| Problem description |
Repeat the listing exactly. Do not carry over any pictures.

| Information supplied |
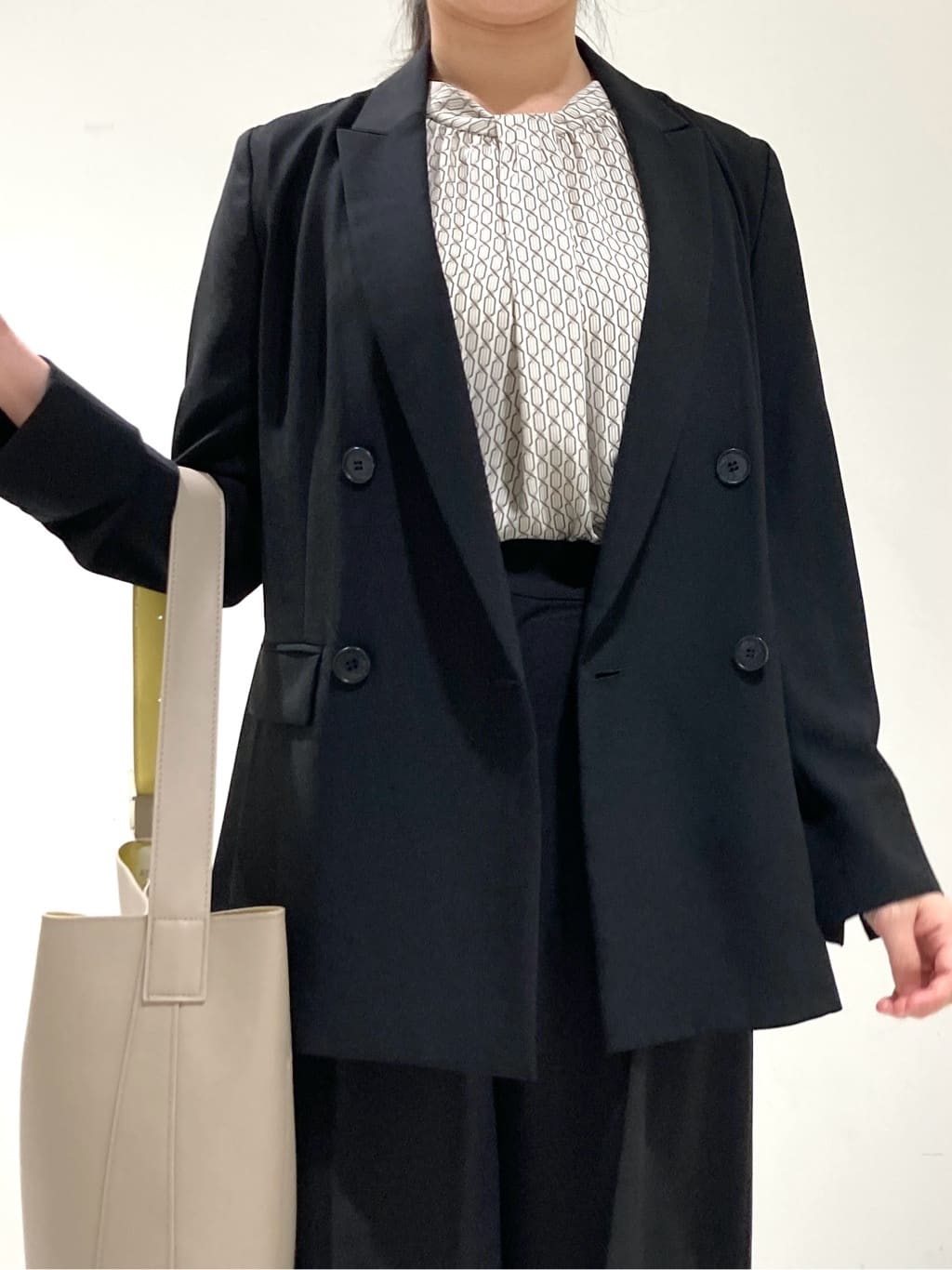 momokoさんの「INDIVI｜【軽く羽織れる！】ダブルジャケット」を使ったコーディネート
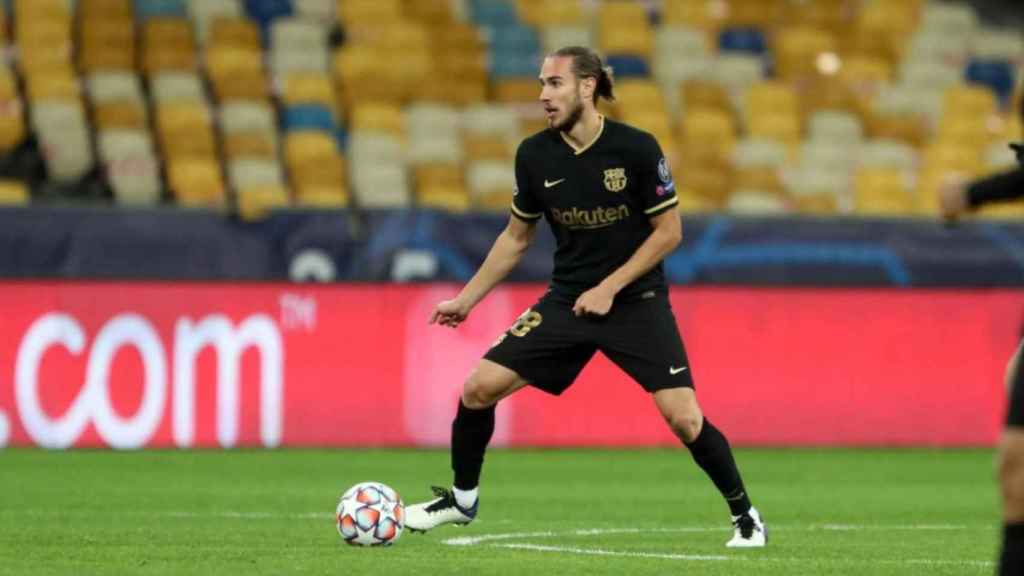 Mingueza durante el partido del Barça contra el Dinamo de Kiev / FC Barcelona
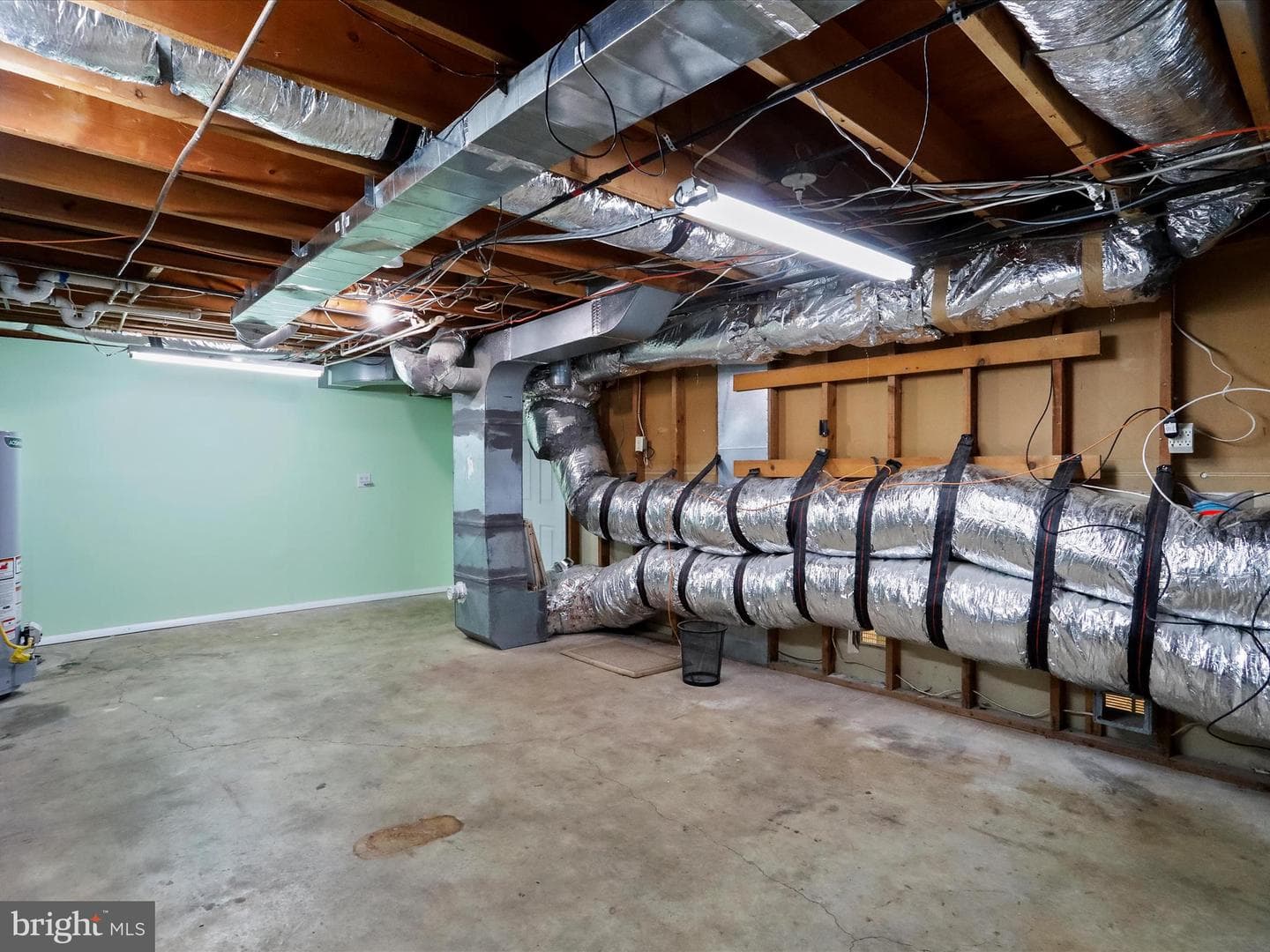 1056 Valleybrook Drive photo 25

| Output below |
 momokoさんの「INDIVI｜【軽く羽織れる！】ダブルジャケット」を使ったコーディネート
 Mingueza durante el partido del Barça contra el Dinamo de Kiev / FC Barcelona
 1056 Valleybrook Drive photo 25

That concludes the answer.